Aku mengangguk pada Ino seraya mengibaskan telapak tanganku di udara seolah berkata; pergilah. Ino mengerti dan mengangguk kemudian menarik lengan Hinata untuk ikut bersamanya aku menatap mereka yang hendak meninggalkan kafe kembali menengok padaku.
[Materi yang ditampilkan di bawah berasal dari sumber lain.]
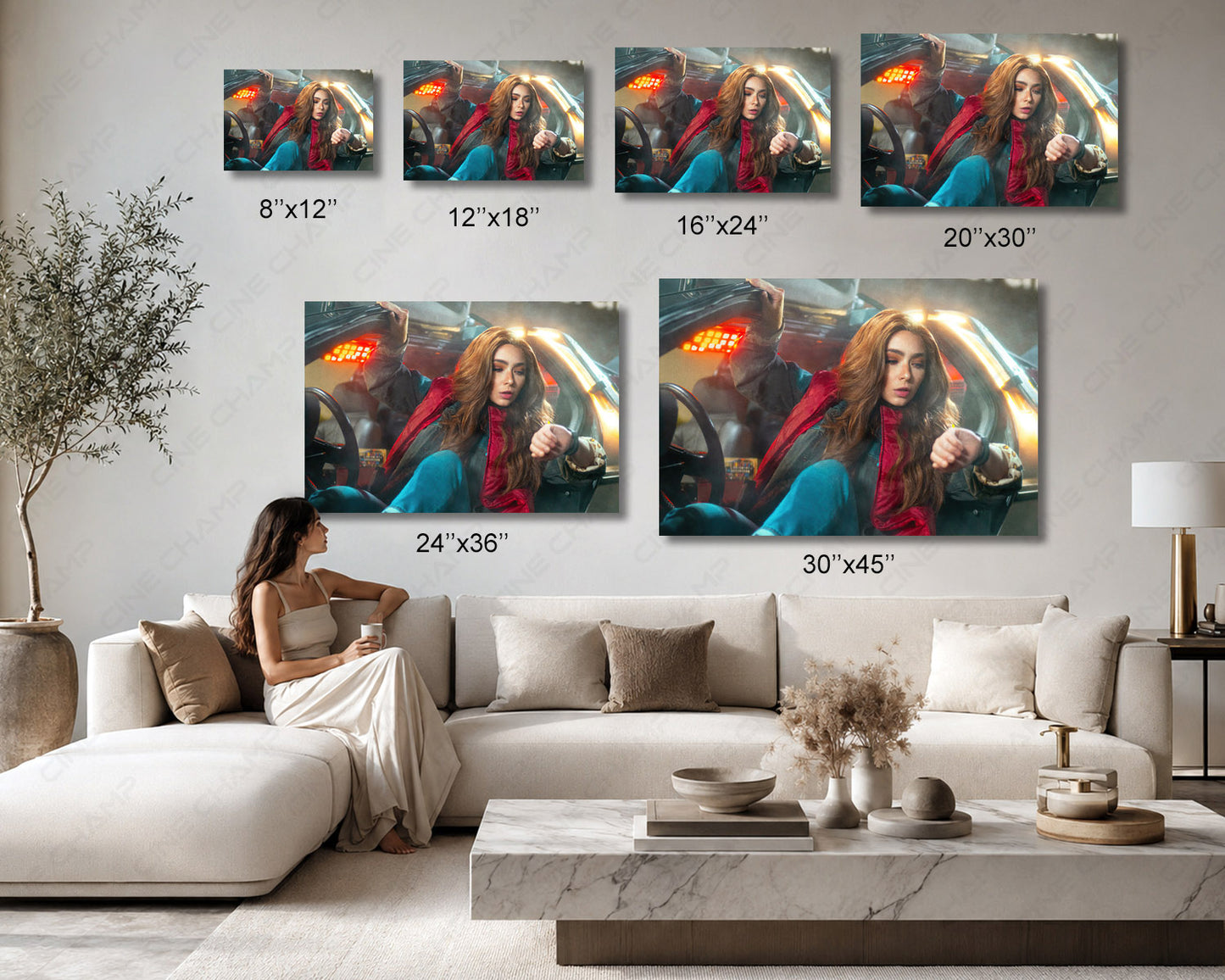 Back to the Future inspired canvas print available in multiple sizes for home theater and living room decor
"Kurasa timingnya tepat Saki, kau mendapat sesuatu yang lebih baik dari kami." Setelah berujar demikian dia berlalu meninggalkan sejuta pertanyaan yang menari di otakku. Sesuatu yang lebih baik? Ayolah, aku tak pernah mengharapkan apapun itu, dan kurasa Ino memahaminya. Sampai kemudian bahuku disentuh seseorang yang membuatku berjengit kemudian memutar kepalaku.
"Uchiha-sensei..."
.
.
.
Langit di atas sana benar-benar menunjukan bahwa keadaannya jauh dari kata baik. Awan hitam yang menggumpal di atas sana menunjukkan mendung yang seakan bisa membawa badai, ah tidak mungkin hanya hujan deras saja. Aku terkekeh rasanya baru tadi aku melihat matahari yang sedang menari-nari di atas sana kini mereka malah menghilang, tak apa aku menyukai langit gelap yang senantiasa memporak-porandakan hatiku.
"Kau ingin pulang?" suara itu membuyarkan lamunanku, seketika aku menoleh pada lelaki satu-satunya di hadapanku. Aku lupa bahwa saat ini aku sedang berada di dalam mobil BMW hitam milik Sasuke. Sepertinya langit di luar sana membuatku lebih tertarik dibanding dia. Bukan, bukan begitu aku hanya berusaha mengalihkan perhatianku saja, untuk meredakan akalku yang semakin tidak waras jika berdekatan dengannya. Dia tersenyum menggoda.
Aku menatapnya dan mengangguk, lalu kembali melempar pandanganku sejauh mungkin darinya, kini dia menghela nafas, kugerakkan perlahan iris emeraldku dan mendapatinya sedang menghela nafas yang sepertinya sangat menyesakkan, aku bisa merasakannya, jika kau menanyakan mengapa jawabanku tetap satu; aku-tidak-tahu.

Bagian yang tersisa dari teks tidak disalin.